私も行くべきか悩んだのですが、来いと言われたわけでもありませんし、長いこと会っていない罪悪感もあります。
私なんか行ってもいいのかとくだらないことを考えているうちに、母から祖母が亡くなったという知らせを受けました。

親戚が祖母の家へ集まるということで、私も久しぶりに祖母の家へ向かいました。
祖母の部屋は長い闘病生活を物語るように、閑散としていました。

とりあえず祖母の家へ泊まるために、荷物を取りに一度帰宅します。
ところが、自宅の様子が何か変なのです。

何とも言い表すことができない違和感を覚えたものの、早く荷物を準備しようと家へ入ろうとすると中にも違和感が広がっていて、誰かが居る気配もします。
一緒にいた妹と玄関で立ちすくんでいると、そのうちどこからか話し声が聞こえ始めました。

「ボソボソボソボソ」

お経のような感じで、男女の声がハッキリと聞こえます。
怖くなった私と妹が外へ出ると、今度はハイヒールのような靴音だけがすぐ近くで聞こえ、猫が興奮して鳴いているような声もします。
妹は、ハイヒールの音だけで猫の声は聞こえないと言います。
一体何が起こったのかも分からず、パニック状態でいると…家の前に人が立っているのがうっすらと見えました。

それは祖母でした。

どうしてこんなに怖い思いをさせるのだろうか。
私がお見舞いに行かなかったこと、会いに行かなくなったことを恨んでいるのだろうか。
金縛りになったように私の体は動かず、祖母へ近づくことも出来ません。
興奮したような猫の声はさっきよりも小さくなっていますが、ハイヒールの足音はまだ聞こえています。
すると次の瞬間に全ての音がピタッと消えて
「捨てたらいかんよ」
と、祖母の声が耳元で聞こえました。

「人形だ。」

無意識に自分の口から出た言葉でハッとした私は、祖母から貰ったあの人形を思い出しました。
今日捨てたばかりだからまだあるはずだと思い、急いでごみ置き場へ行くと、袋にいれていたはずの人形がごみ置き場の隅に座らせられていたのです。
「ごめんね」
そう言いながら人形を持ち帰ると、さっきまで異様な空気に包まれていた自宅がいつもの感じに戻っていました。
妹とはさっきまでの出来事を話すこともせず、たんたんと荷物を準備し、部屋に人形を置いて祖母の家へ向かいました。

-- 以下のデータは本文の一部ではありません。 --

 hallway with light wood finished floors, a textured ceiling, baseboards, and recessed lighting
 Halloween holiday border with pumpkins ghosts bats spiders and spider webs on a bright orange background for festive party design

この話をすると、一連の出来事は祖母が怒って起こした恐怖体験であるように誤解をされるかもしれません。
ですが私は、祖母から貰った人形が私達のことを守っていてくれていたのではないかと思うのです。
それを私が捨ててしまったことで、これまで人形が近づけないようにしてくれていた幽霊?が近づいたのではないかと、そう思うのです。

祖母から貰った人形は、今では自宅で大切に飾られています。